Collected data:
####

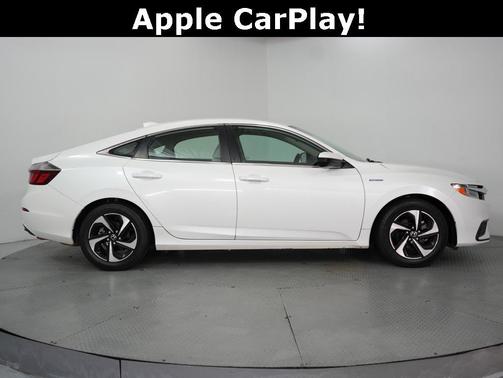 2022 Honda Insight EX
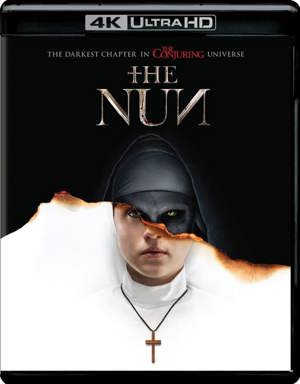 The Nun (4K Ultra HD + Blu-ray) [UHD]
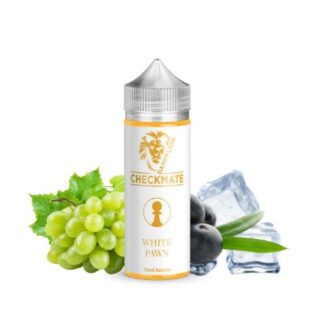 Dampflion Aroma 10ml WHITE PAWN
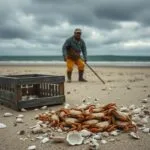 Why is crab meat so expensive?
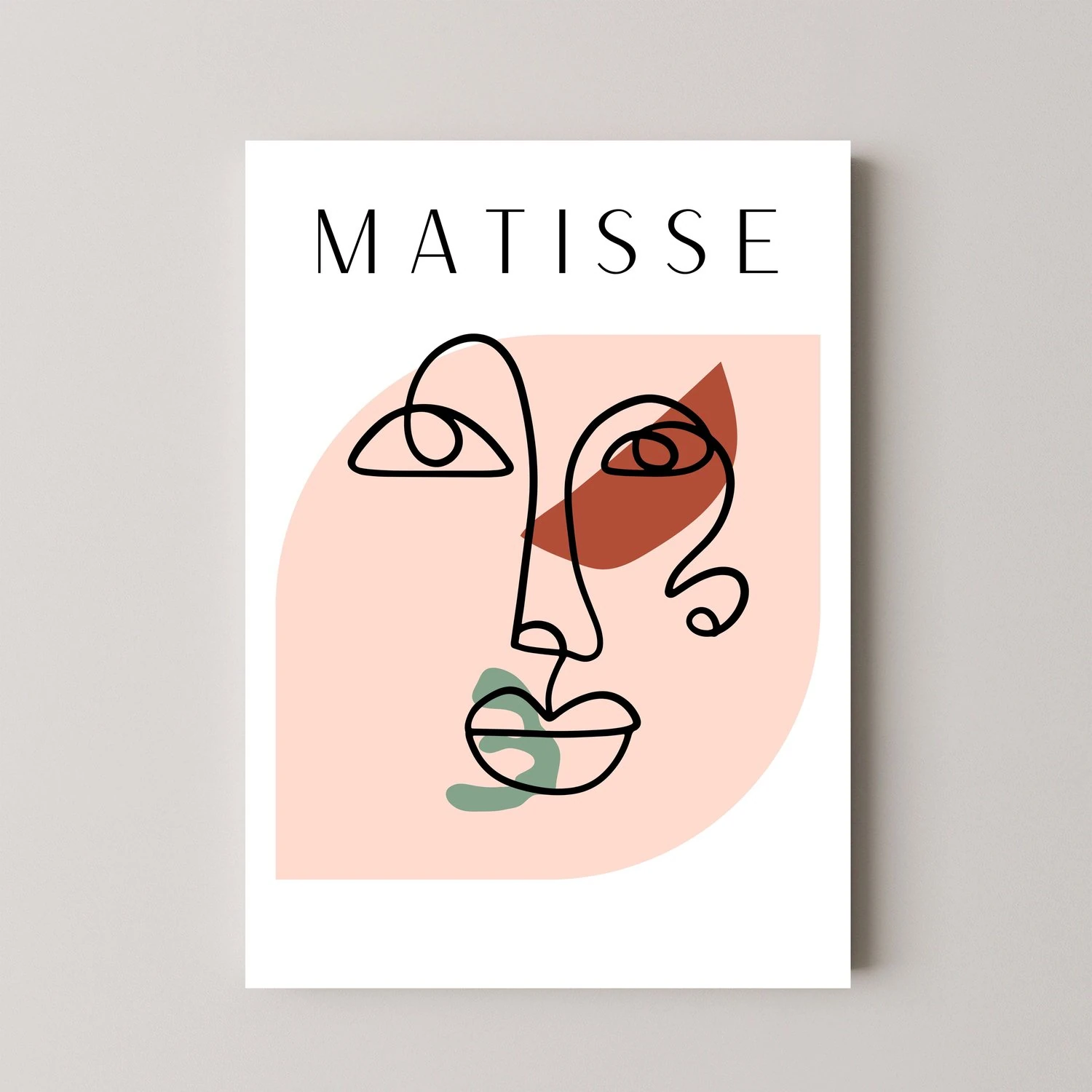 Secret of the Face image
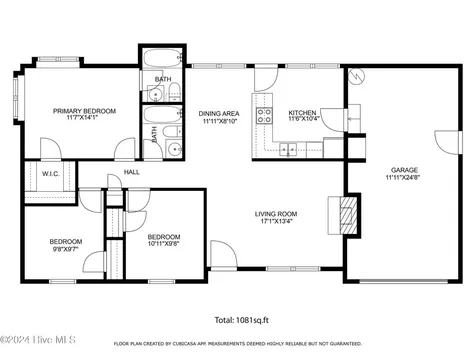 608 Mallard Drive Jacksonville NC 28540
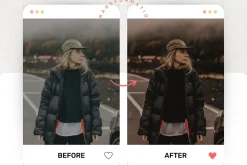 Moody Lightroom Presets & Luts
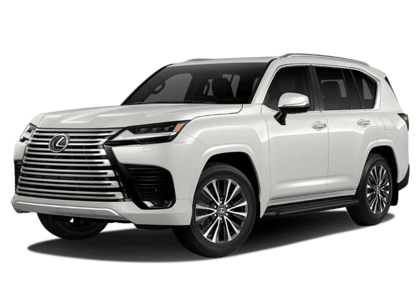 Коврики на Lexus LX 600 и LX500d 2021 - 2025 в Кирове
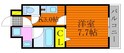 Ｓｕｎ　ｇaｔｅの間取図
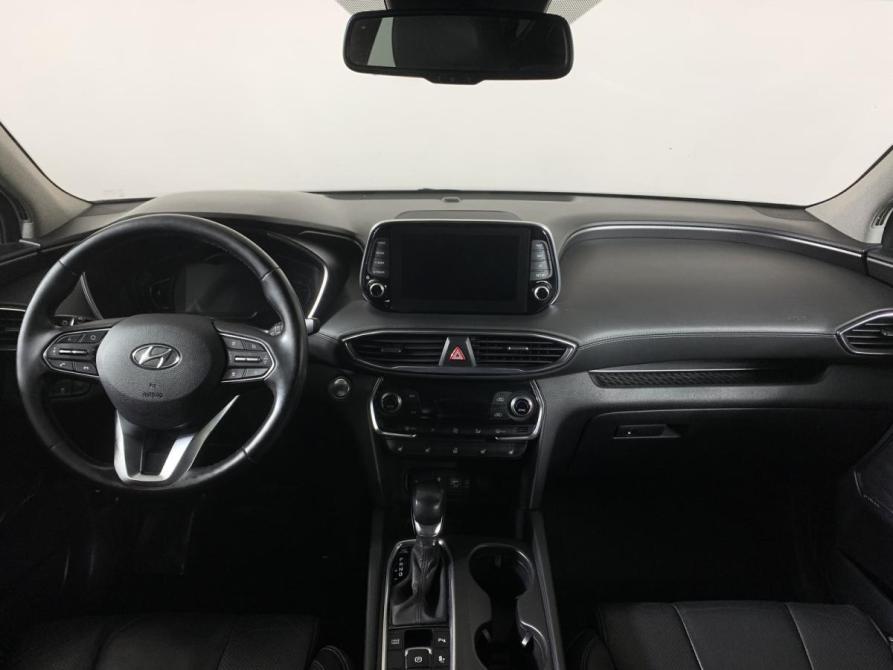 Hyundai Santa Fe IV Москва  - изображение 12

####

Work to be completed>
Give back the records word for word, without their pictures.

Task result>
 2022 Honda Insight EX
 The Nun (4K Ultra HD + Blu-ray) [UHD]
 Dampflion Aroma 10ml WHITE PAWN
 Why is crab meat so expensive?
 Secret of the Face image
 608 Mallard Drive Jacksonville NC 28540
 Moody Lightroom Presets & Luts
 Коврики на Lexus LX 600 и LX500d 2021 - 2025 в Кирове
 Ｓｕｎ　ｇaｔｅの間取図
 Hyundai Santa Fe IV Москва  - изображение 12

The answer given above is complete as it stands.